Data shown Block Start

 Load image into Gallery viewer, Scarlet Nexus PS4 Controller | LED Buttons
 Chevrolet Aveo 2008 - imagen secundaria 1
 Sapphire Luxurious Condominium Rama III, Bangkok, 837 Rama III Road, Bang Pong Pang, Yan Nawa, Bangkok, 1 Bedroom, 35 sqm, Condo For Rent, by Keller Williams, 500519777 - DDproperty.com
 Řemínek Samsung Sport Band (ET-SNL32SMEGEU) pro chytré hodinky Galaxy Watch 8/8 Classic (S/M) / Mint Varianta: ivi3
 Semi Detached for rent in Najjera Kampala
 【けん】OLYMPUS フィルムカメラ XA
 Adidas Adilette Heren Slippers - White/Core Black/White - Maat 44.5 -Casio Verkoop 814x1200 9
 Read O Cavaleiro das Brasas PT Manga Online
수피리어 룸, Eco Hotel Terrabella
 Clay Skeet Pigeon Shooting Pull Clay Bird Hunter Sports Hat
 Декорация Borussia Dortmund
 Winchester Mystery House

Data shown Block End

(Work to complete):
Please give a word-for-word repetition of the lines from the one containing "Read O Cavaleiro das Brasas PT Manga Online" through the last line of the data above, including both, and nothing besides.

(Response below):
 Read O Cavaleiro das Brasas PT Manga Online
수피리어 룸, Eco Hotel Terrabella
 Clay Skeet Pigeon Shooting Pull Clay Bird Hunter Sports Hat
 Декорация Borussia Dortmund
 Winchester Mystery House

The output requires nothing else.